Tenders above Rs 5 lakh on Net only

The government has made e-procurement mandatory for tenders valued above Rs 5 lakh from April 1 to ensure transparency and prevent cartelisation.

R. Suryamurthy Published 06.04.15, 12:00 AM

New Delhi, April 5: The government has made e-procurement mandatory for tenders valued above Rs 5 lakh from April 1 to ensure transparency and prevent cartelisation.

The new rule will be applicable to all central government procurement, their attached subordinate offices, public sector units under the Centre, autonomous and statutory bodies, a finance ministry official said.

The government has cut the mandatory e-procurement tender value by half and plans to reduce the tender value to Rs 2 lakh from April 1, 2016.

The official said the changes had been made "in order to ensure maximum participation in tenders through the e-procurement route".

Public procurement constitutes around 30 per cent of GDP (gross domestic product), with the total annual tenders amounting to about Rs 15-20 lakh crore.

Departments such as defence, railways, health and telecom allocate about 50 per cent of their budget to procurement, which is higher than the expenditure of most state governments.

Tendering has been vulnerable to corruption, not only between the suppliers and the government staff but also among suppliers in the form of cartels that have attracted charges of bid rigging and collusive bidding.

Recently, ONGC director technical and field services Shashi Shankar was suspended for alleged irregularities in a Rs 23-crore tender, the first such action against the company's official in more than two decades.

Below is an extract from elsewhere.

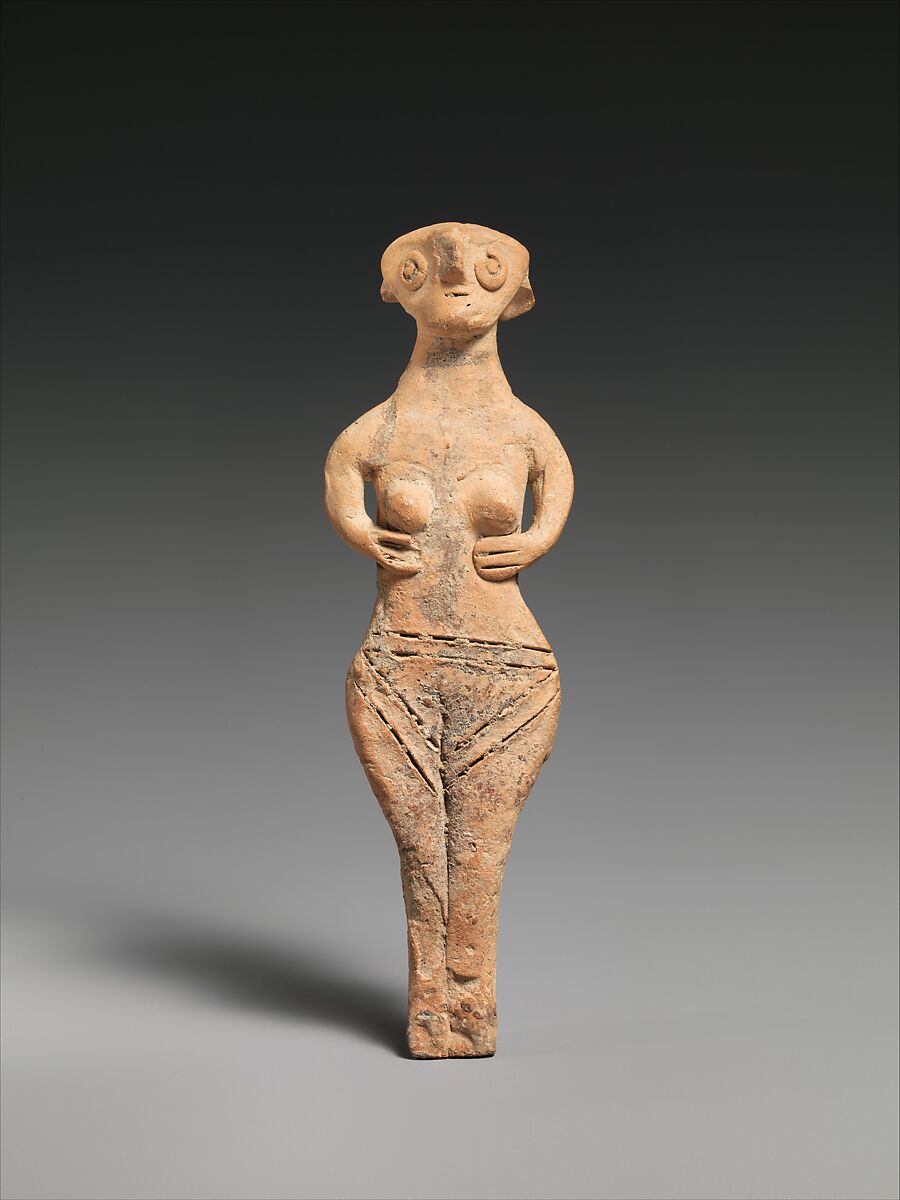 Naked woman in terracotta represented with a rounded bel…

ONGC had not awarded that tender.

Shankar, who annually handled at least Rs 15,000 crore of contracts for rigs and oilfield services, was suspended in a case of a tender to procure 21 blowout preventers, the oil ministry had stated.

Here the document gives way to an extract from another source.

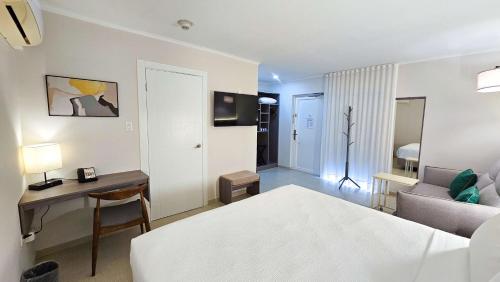 a bedroom with a bed and a desk and a room at Aruba Boutique & Art Hotel - Adults Only in Palm-Eagle Beach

The ministry has directed PSUs to strictly adhere to the blacklisting of vendors. If a vendor is involved in any forgery or malpractice while dealing with one company, it may be blacklisted by others.

Moreover, several projects of state-owned companies have faced inordinate delays because of conflicting claims and counter claims by contractors, delay in material supply and additional cost claims by contractors.

"Malfeasance in public procurement can perhaps be contained by having a procurement law and an institutional structure consistent with the UNCITRAL (UN trade rules) model. I believe, Parliament needs to take a view soon on whether we need a procurement law, and if so, what shape it should take," finance minister Arun Jaitley said in the budget for 2015-16.

The Narendra Modi-government has decided to revive the long-pending Public Procurement Bill, 2012 that was framed by the former UPA government.

The finance ministry has sought proposals for any change in the bill from civil society, non-government organisations, lawyers and industry bodies by April 10. The bill had lapsed after the dissolution of the last Lok Sabha.